**DATA FOR PROCESSING**

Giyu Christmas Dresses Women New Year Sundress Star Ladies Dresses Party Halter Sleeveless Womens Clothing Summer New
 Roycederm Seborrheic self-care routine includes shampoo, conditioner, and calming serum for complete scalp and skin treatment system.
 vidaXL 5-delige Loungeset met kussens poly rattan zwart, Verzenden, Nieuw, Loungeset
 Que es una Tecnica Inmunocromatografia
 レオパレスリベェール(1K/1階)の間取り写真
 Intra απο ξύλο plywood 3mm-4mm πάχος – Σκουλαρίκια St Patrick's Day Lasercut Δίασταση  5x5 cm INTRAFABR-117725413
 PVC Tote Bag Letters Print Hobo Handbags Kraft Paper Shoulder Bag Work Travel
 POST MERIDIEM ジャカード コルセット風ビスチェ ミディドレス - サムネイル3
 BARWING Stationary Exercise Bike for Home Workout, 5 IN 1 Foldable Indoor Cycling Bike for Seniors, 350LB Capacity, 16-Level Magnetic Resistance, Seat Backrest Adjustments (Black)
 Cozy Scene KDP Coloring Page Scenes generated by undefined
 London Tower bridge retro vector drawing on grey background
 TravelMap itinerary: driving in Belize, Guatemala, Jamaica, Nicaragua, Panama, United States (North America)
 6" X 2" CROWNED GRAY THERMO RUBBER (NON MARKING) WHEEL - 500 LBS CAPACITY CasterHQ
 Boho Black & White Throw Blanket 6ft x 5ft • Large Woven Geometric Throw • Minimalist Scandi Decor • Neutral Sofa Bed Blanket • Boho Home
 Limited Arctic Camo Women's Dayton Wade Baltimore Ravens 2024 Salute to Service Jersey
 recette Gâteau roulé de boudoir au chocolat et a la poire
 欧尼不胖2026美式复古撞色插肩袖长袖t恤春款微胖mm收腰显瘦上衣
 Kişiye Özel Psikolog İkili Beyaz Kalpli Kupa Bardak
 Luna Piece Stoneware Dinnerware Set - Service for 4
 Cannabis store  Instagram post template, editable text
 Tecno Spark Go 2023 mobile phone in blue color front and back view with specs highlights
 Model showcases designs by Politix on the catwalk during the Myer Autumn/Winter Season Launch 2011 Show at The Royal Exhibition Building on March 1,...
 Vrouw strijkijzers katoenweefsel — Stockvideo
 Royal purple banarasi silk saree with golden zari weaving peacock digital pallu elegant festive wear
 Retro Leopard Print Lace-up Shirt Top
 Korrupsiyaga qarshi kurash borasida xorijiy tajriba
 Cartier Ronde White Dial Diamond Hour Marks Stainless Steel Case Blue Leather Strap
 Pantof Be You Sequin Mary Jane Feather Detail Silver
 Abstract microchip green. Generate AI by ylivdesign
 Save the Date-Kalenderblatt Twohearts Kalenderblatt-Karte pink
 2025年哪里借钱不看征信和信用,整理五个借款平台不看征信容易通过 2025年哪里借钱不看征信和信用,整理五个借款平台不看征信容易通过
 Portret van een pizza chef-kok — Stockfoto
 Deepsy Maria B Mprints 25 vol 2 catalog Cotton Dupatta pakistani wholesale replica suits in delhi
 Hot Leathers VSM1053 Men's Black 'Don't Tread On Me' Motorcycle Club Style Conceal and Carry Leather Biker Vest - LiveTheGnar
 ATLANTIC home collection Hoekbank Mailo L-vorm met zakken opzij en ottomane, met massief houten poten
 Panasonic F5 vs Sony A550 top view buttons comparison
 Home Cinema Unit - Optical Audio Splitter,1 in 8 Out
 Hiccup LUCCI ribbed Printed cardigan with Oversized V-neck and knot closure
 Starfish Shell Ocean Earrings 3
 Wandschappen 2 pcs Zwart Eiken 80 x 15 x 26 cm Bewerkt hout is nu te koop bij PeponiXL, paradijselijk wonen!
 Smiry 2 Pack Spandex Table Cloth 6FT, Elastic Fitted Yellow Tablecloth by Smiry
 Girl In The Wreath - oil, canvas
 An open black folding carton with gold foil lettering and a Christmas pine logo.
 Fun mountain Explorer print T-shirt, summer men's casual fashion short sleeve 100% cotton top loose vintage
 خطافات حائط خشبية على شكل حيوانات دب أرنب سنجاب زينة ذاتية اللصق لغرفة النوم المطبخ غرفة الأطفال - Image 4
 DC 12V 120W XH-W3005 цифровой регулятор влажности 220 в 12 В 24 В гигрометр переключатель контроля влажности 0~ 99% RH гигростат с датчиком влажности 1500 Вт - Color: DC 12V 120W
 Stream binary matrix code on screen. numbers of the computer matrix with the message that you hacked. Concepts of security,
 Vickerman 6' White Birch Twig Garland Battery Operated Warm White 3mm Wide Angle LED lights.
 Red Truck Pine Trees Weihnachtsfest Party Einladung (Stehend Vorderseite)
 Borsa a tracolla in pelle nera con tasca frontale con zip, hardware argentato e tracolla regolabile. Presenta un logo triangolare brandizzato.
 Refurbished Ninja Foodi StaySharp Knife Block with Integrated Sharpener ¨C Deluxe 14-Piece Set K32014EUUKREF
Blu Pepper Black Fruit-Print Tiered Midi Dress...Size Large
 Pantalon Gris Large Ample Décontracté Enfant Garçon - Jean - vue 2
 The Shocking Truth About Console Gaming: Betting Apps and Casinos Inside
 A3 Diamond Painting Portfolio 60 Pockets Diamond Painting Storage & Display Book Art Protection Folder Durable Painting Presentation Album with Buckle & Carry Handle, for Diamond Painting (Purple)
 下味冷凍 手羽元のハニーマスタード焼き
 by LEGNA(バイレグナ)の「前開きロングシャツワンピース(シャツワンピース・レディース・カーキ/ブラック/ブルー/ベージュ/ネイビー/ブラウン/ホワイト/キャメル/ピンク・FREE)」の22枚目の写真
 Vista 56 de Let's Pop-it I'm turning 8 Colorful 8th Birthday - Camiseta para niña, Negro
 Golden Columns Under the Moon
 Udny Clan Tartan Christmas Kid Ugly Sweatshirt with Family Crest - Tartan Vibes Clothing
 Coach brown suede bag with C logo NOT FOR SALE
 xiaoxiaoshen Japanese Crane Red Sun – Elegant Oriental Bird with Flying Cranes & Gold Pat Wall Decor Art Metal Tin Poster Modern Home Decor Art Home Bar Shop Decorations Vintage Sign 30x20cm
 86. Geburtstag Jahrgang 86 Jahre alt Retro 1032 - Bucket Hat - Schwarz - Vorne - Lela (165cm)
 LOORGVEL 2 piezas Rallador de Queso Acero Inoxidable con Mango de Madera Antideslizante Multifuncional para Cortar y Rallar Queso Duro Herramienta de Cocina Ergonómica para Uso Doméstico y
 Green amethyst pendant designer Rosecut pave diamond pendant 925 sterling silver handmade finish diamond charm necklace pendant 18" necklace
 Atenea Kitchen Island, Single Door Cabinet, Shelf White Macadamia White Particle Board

**TASK BRIEF**
Every line of the listing above that contains "Women" is to be copied.

**ANSWER TO THIS PROBLEM**
Giyu Christmas Dresses Women New Year Sundress Star Ladies Dresses Party Halter Sleeveless Womens Clothing Summer New
 Limited Arctic Camo Women's Dayton Wade Baltimore Ravens 2024 Salute to Service Jersey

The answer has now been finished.